Your copy should contain exactly the lines from the start of the listing through the line that holds "Then I'm going", and no pictures.

[Opening Recorded data section]

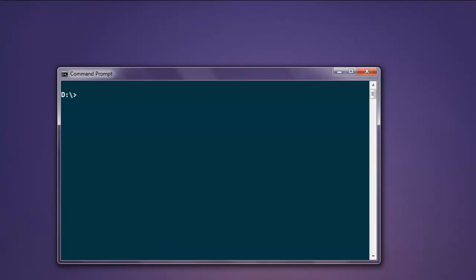These are not limited to Node.js; you can use it with any other framework. Make sure that you have Node.js available on your operating system for this example. Type in 'node' on your command prompt.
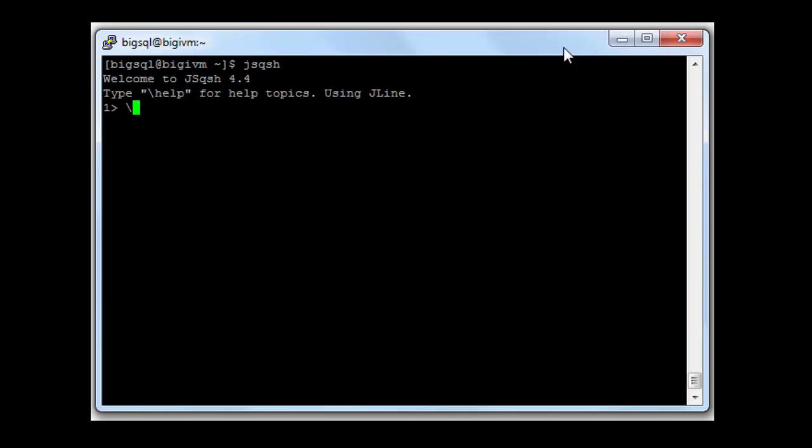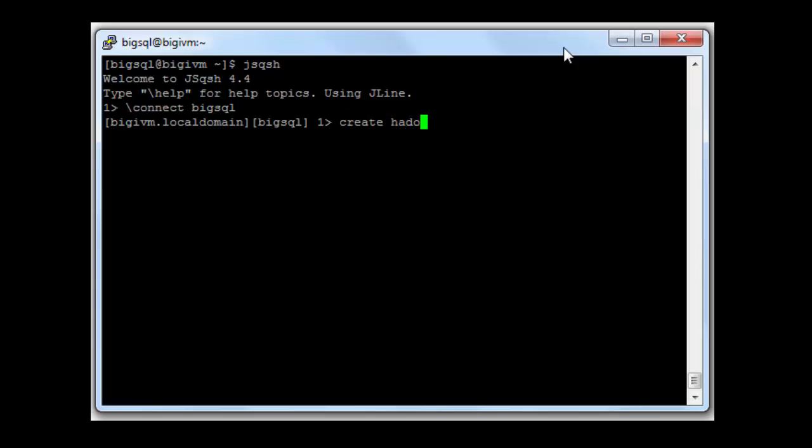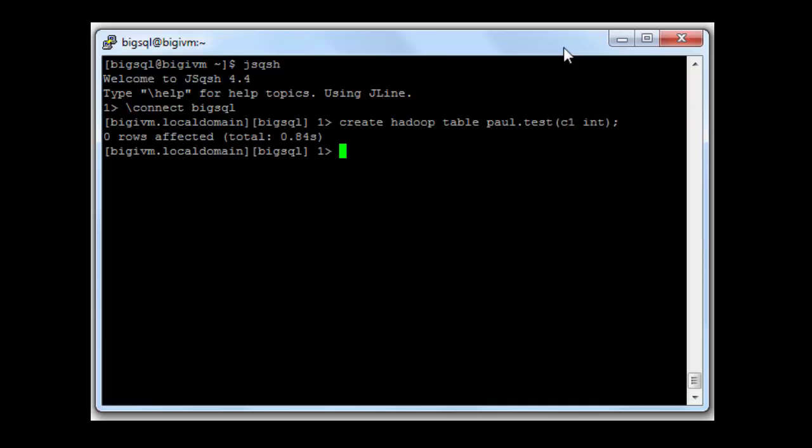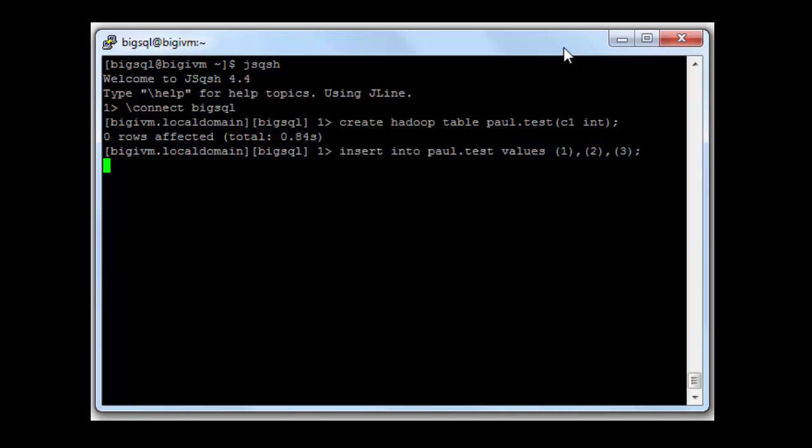Then I'm going to connect to BigSQL and create a table. We're going to insert some rows into that table and select some values back.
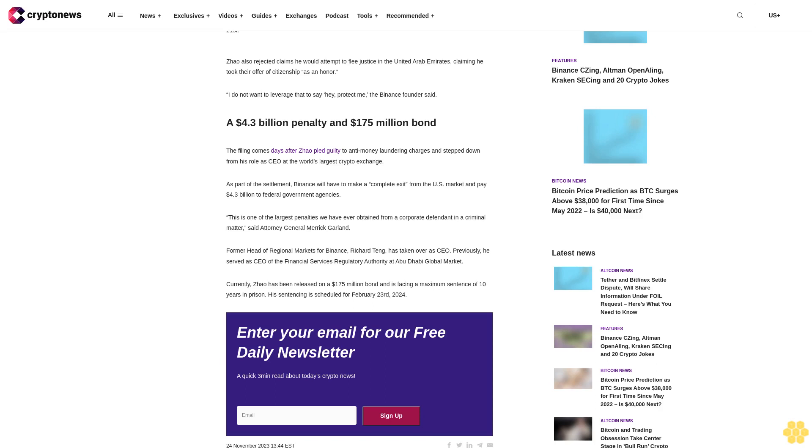To flee would be to risk additional charges, a likely much greater potential guidelines range, and a host of other grave consequences to Mr. Zhao and Binance, claimed Zhao's defense. To return however would be to potentially serve a brief or possibly no prison term and then return to his family with this matter behind him.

[Closing Recorded data section]

→ **Expected answer**:
These are not limited to Node.js; you can use it with any other framework. Make sure that you have Node.js available on your operating system for this example. Type in 'node' on your command prompt.
Then I'm going to connect to BigSQL and create a table. We're going to insert some rows into that table and select some values back.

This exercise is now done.